§ **EXERCISE INSTRUCTIONS**:
Extract every line between the one with "Mummi Candle Doğal" and the end of the entries, both included, word for word and free of pictures.

[Short text fragments from websites]

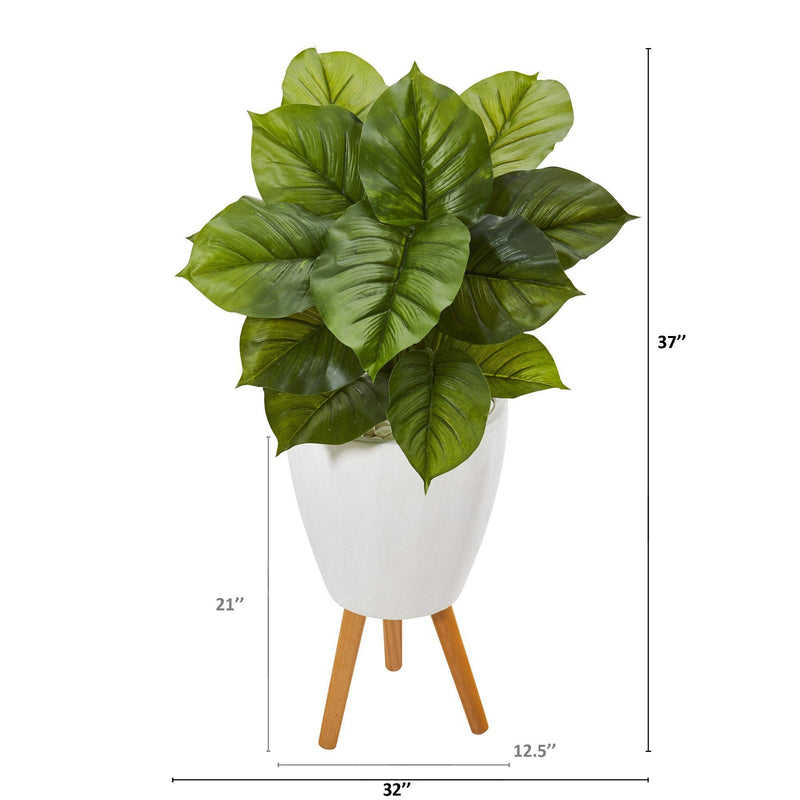 37” Large Philodendron Artificial Plant in White Planter with Stand (Real Touch), photo 2 of 2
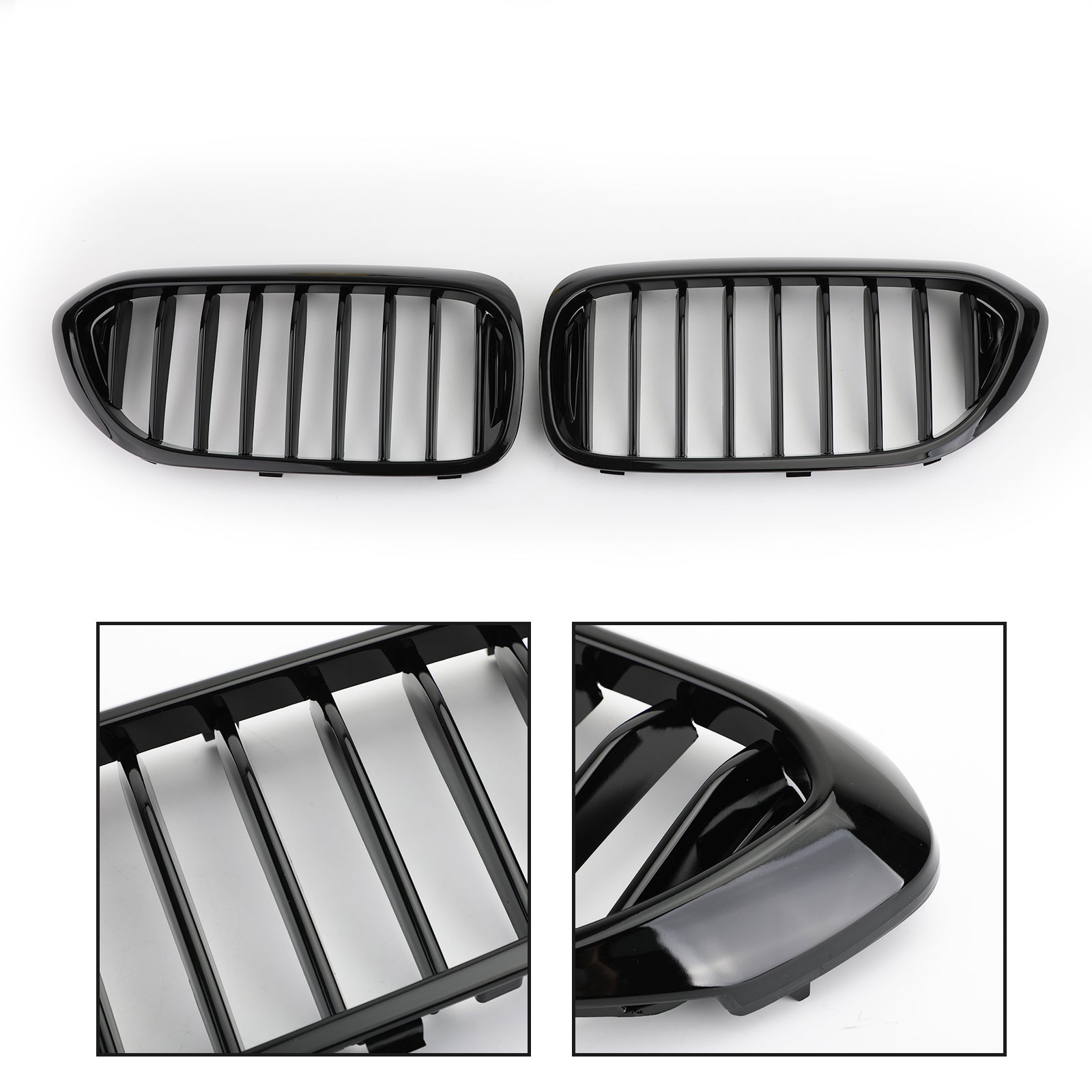 2017-2019 BMW G30 5 Series 530i/530i xDrive/540i/540i xDrive Glossy Black Front Kidney Grille Grill Generic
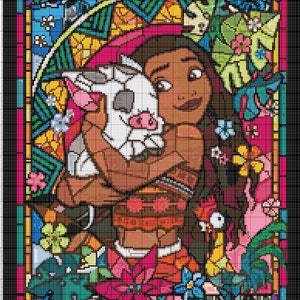 Sprookje prinses Moana gebrandschilderd glas 211 modern kruissteekpatroon geteld kruissteektabel pdf-formaat direct downloaden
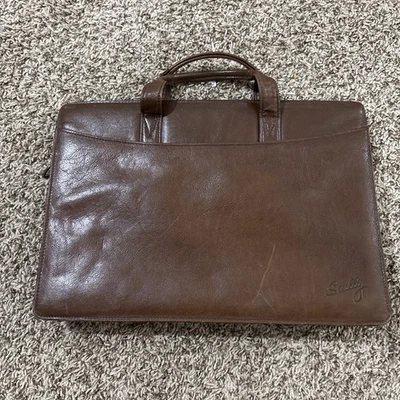 Bolso Mensajero Grande Organizador de Cuero Marrón Scully LEER Foto 1 de 4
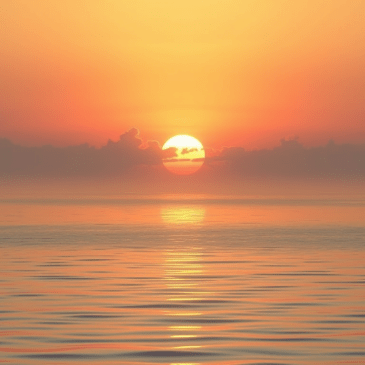 A sunrise over a quiet and serene lake.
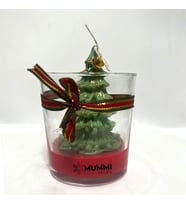 Mummi Candle Doğal Soya Wax Bardakta Yılbaşı Ağacı (Kırmızı)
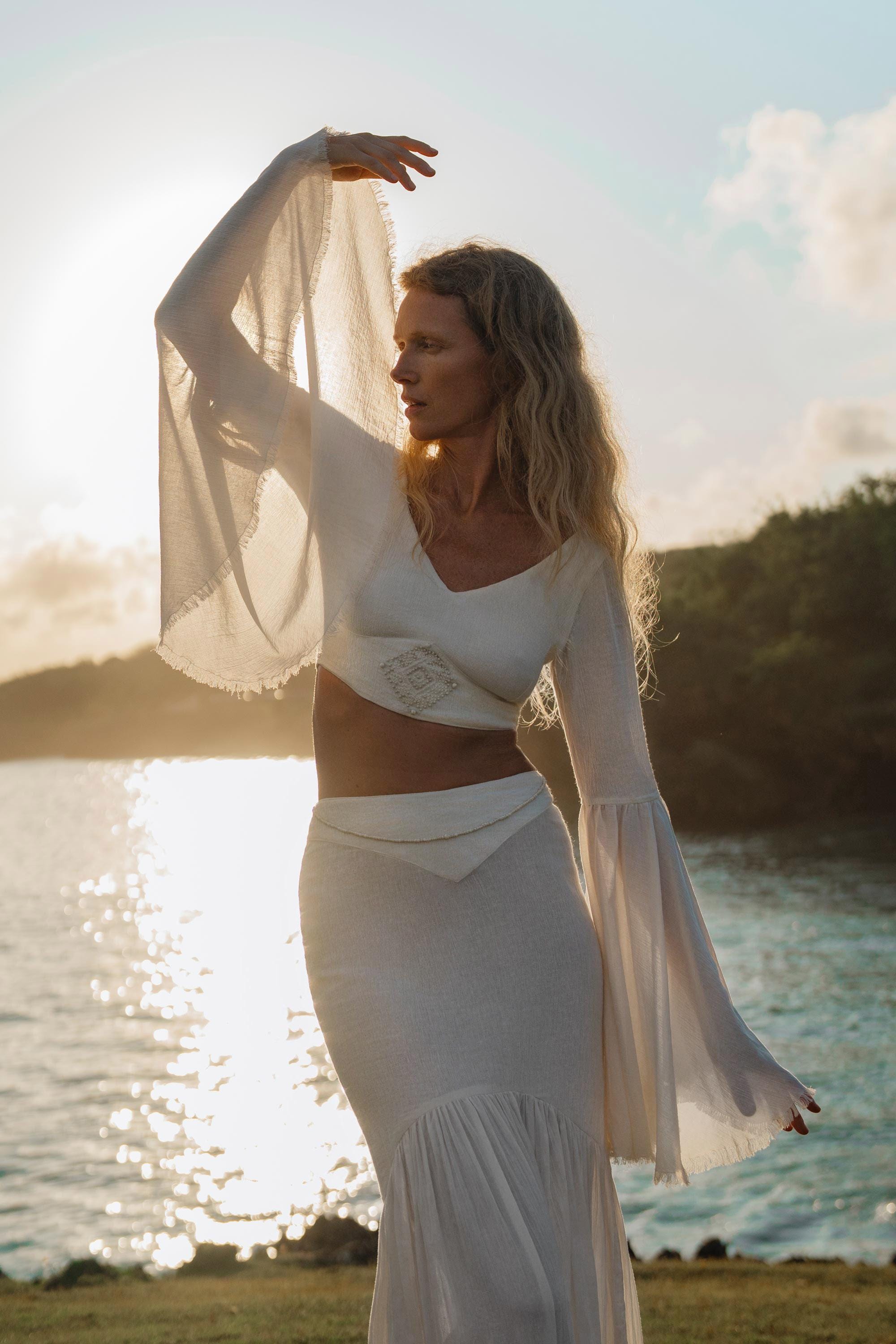 Off White Boho Linen Set, Embroidered Indian Top, Maxi Skirt, Handmade Summer Festival Outfit - AYA SW IDR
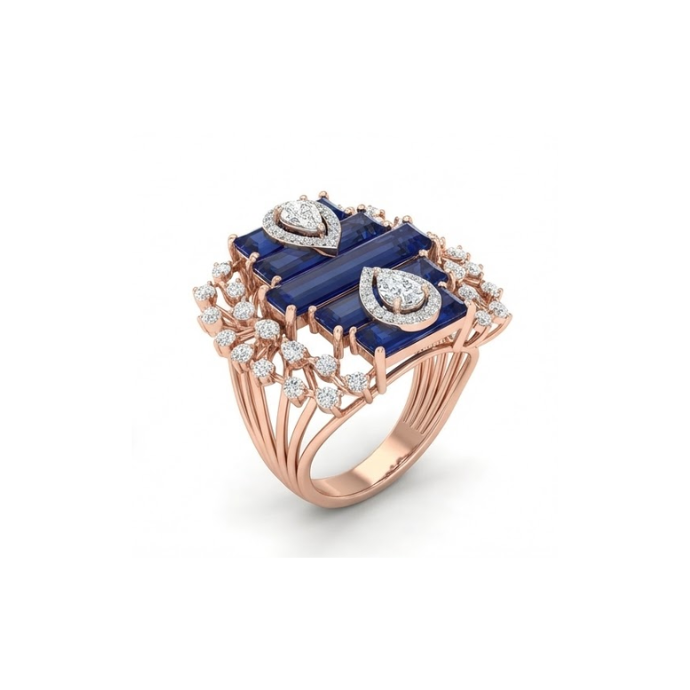 Royal Blue Baguette & Pear Cluster Diamond Ring
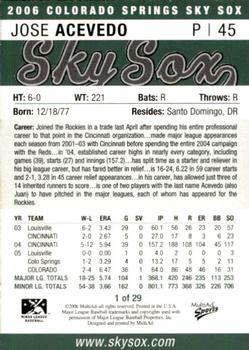 2006 MultiAd Colorado Springs Sky Sox #1 Jose Acevedo Back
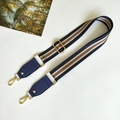Tracolla larga regolabile per borse in blu navy con strisce rosse e verdi e ganci oro - Blu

§ **WRITTEN SOLUTION**:
 Mummi Candle Doğal Soya Wax Bardakta Yılbaşı Ağacı (Kırmızı)
 Off White Boho Linen Set, Embroidered Indian Top, Maxi Skirt, Handmade Summer Festival Outfit - AYA SW IDR
 Royal Blue Baguette & Pear Cluster Diamond Ring
 2006 MultiAd Colorado Springs Sky Sox #1 Jose Acevedo Back
Tracolla larga regolabile per borse in blu navy con strisce rosse e verdi e ganci oro - Blu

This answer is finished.